21st Century C by Ben Klemens; O’Reilly Media
21st Century C is a useful read for the budding Linux hacker, due to its focus on the GNU toolchain. Among its highlights is the constant reminder of improvements to the C language since the original ANSI C standard (C89). It covers a wide range of topics—you may want to skim particular topics and return to them when you see the need.
The book is divided into two parts. Part 1 starts with mundane things like installing a C compiler and compiling your C program. It then moves on to useful topics such as debugging using GDB, checking for errors using Valgrind, unit testing, building documentation using Doxygen and CWEB, and packaging your project using Autotools. If you have executed “./configure” and then “make install”, but never looked under the hood, now is the time to do that. The chapter on version control using Git is probably the best coverage of Git I have seen in any book.
Part 2 focuses on the C language itself. This part starts with coverage of pointers, followed by a chapter on C syntax that programmers should avoid. The following chapters discuss usage of macros to write succinct code, text handling, and better structs and typedefs.
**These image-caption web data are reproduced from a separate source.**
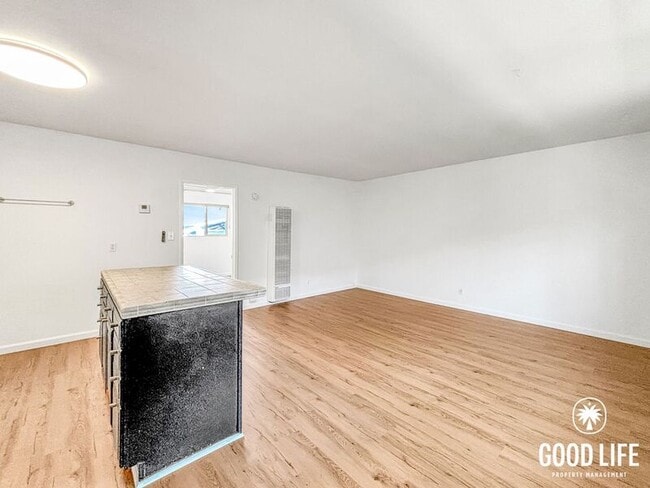 Foto del edificio - 720 W Lewis St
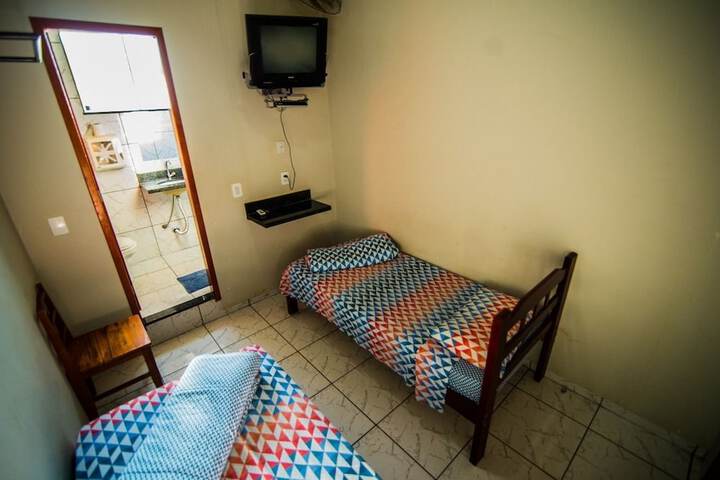 Room 4 of 35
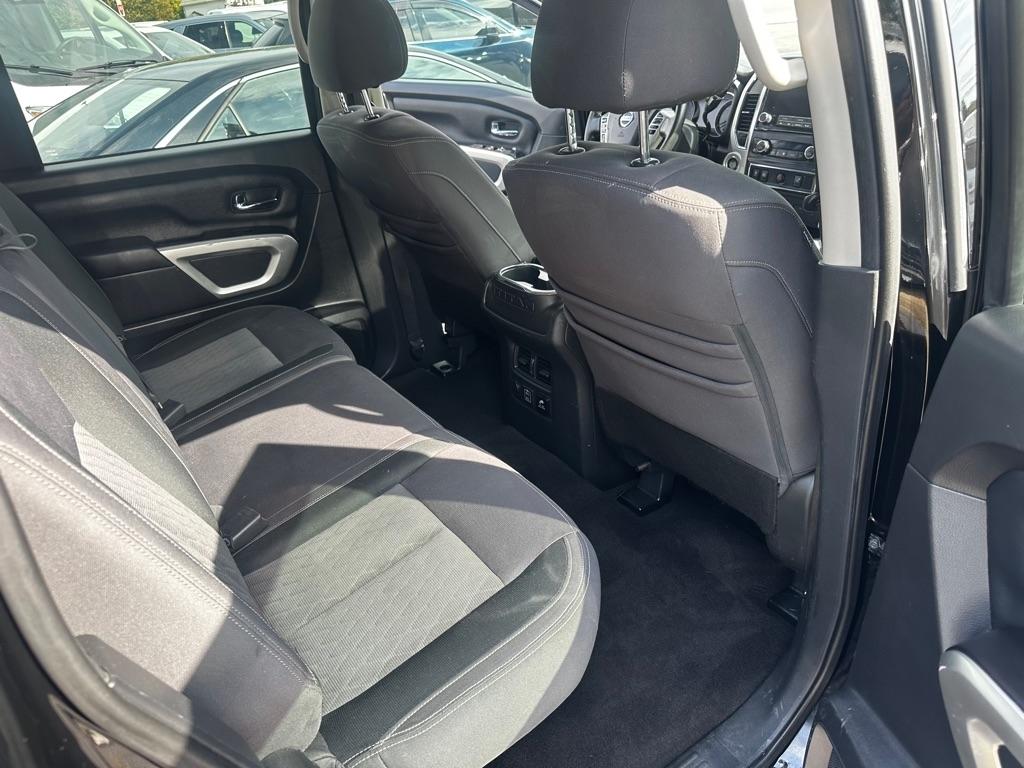 Nissan Titan 4x2 Crew Cab SV 2020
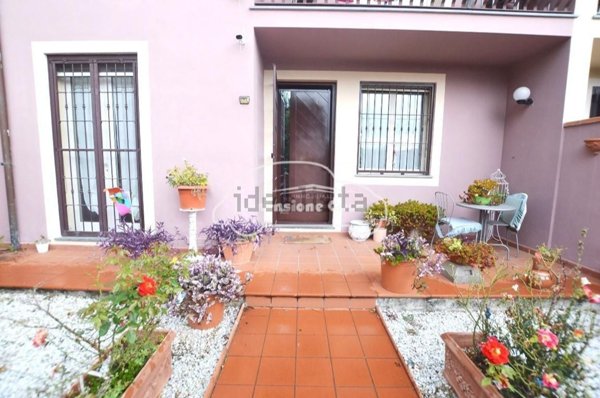 casa indipendente in vendita a Lucca in zona Maggiano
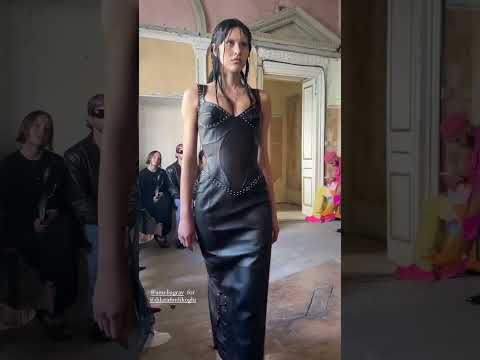 Amelia Gray walking for Dilara Findikoglu during LFW in London. #models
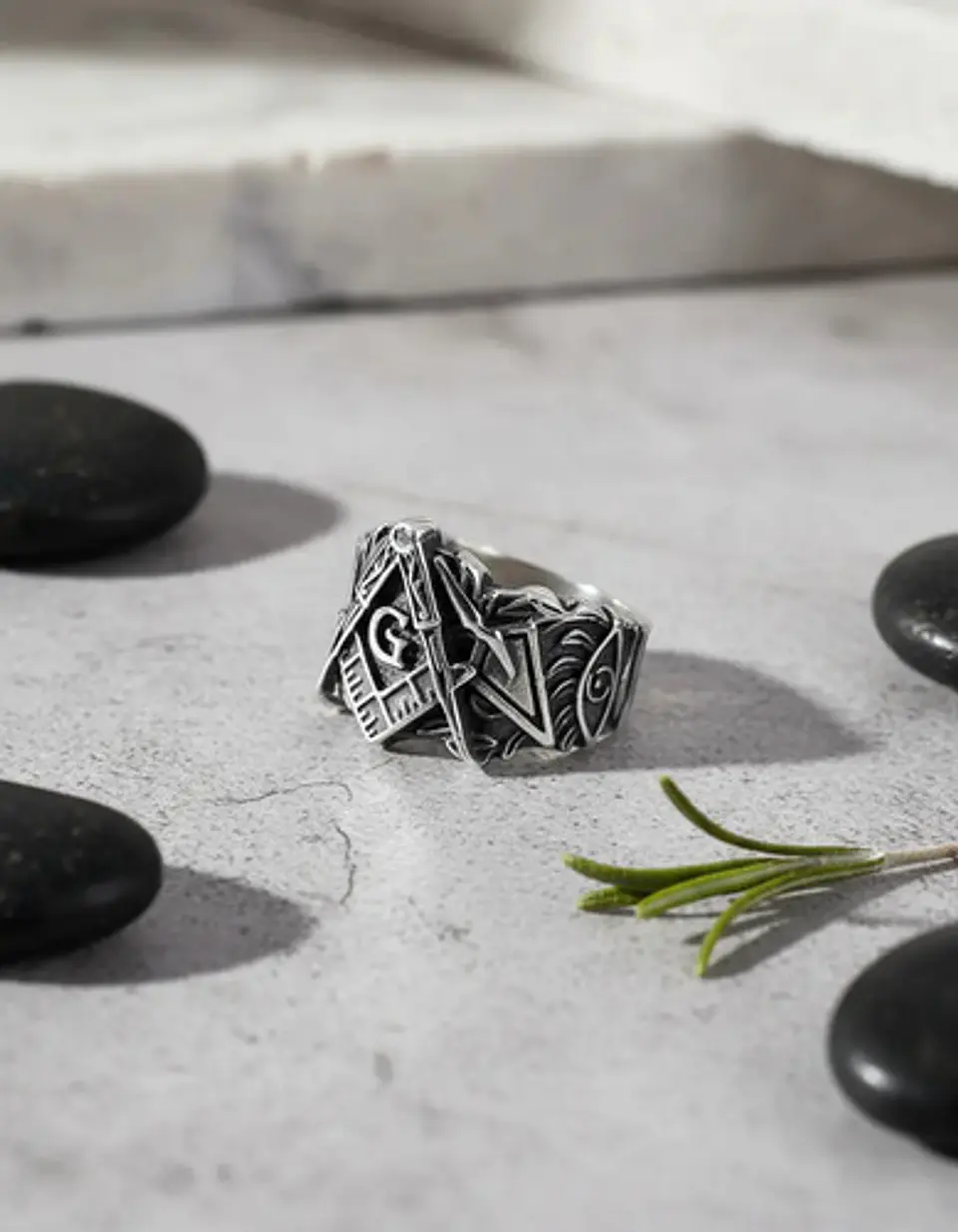 Anillo Color Plata Masón Relieve Acero Inoxidable Hombre 7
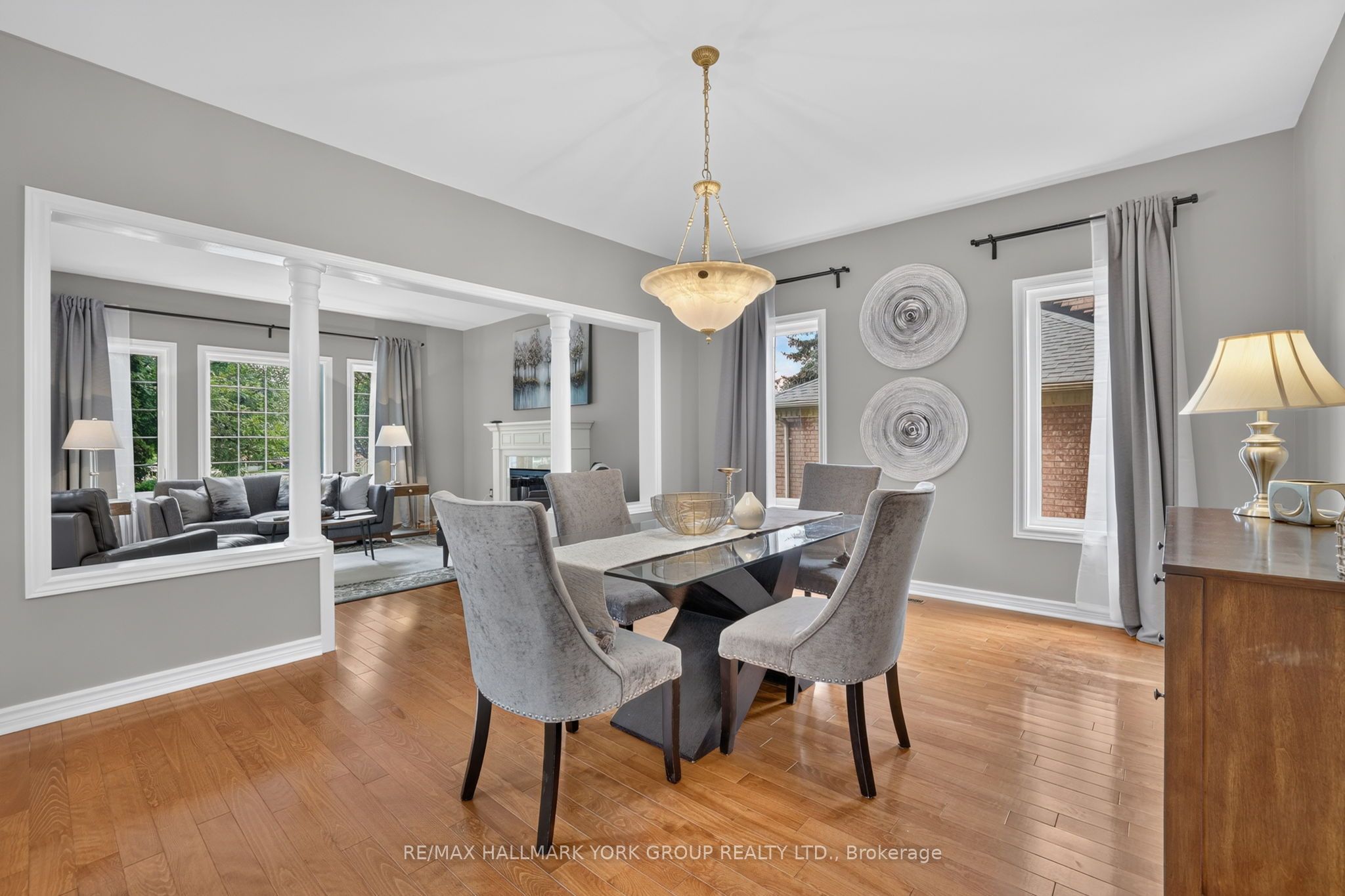 669 Kingsmere Avenue Property Photo 3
The chapter on object oriented programming delves into using anonymous structs for extending objects, function pointers, and building and freeing objects. The last chapter wraps up by introducing several popular open source libraries such as GLib, POSIX, GSL, SQLite, libxml, and cURL.
You can cobble together the knowledge dispensed in this book by reading manuals and articles over the internet, but it is convenient to have it all together in one place to be read at your leisure.